A solution containing 29.00 mg of an unknown protein per 22.0 mL solution was found to have an osmotic pressure of 3.10 torr at 18 ∘C. What is the molar mass of the protein?
(3.10 torr* 22mL)=.682
I do not know what to do next
First, I wouldn't start that way.
Convert torr to atm; i.e., 310/760 = pi = ?
pi = MRT. You know pi, R (0.0820), and T (in kelvin please). Solve for M = molarity.
Then M = mols/L.
You know M and L (or can convert to L), solve for mols.
Then mols = grams/molar mass. You know mols from above, the problem gives you mass in mg (convert to g), solve for molar mass.

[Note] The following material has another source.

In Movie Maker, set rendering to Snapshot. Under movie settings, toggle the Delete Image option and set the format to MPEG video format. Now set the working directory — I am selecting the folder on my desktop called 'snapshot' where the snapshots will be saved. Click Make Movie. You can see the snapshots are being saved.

To find the molar mass of the protein, you need to use the formula for osmotic pressure:
π = nRT/V
Where:
π is the osmotic pressure
n is the number of moles of solute
R is the ideal gas constant (0.0821 L·atm/(mol·K))

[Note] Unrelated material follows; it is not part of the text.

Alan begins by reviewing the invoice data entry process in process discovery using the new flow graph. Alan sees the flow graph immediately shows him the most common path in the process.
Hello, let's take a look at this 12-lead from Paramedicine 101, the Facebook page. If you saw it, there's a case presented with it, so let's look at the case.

T is the temperature in Kelvin
V is the volume of the solution in liters
To convert the osmotic pressure from torr to atm, you divide by 760 (since 1 atm = 760 torr):
3.10 torr / 760 torr/atm = 0.00408 atm
Now, rearrange the formula to solve for the number of moles of solute (n):
n = πV / RT
n = (0.00408 atm) * (0.0220 L) / (0.0821 L·atm/(mol·K) * (18 + 273.15) K)
n = 3.314 x 10^-6 moles
Now, use the number of moles of solute (n) and the mass of the solute (29.00 mg) to find the molar mass:
molar mass = mass / moles
molar mass = 29.00 mg / 3.314 x 10^-6 moles
molar mass = 8.756 x 10^6 g/mol
Therefore, the molar mass of the unknown protein is approximately 8.756 x 10^6 g/mol.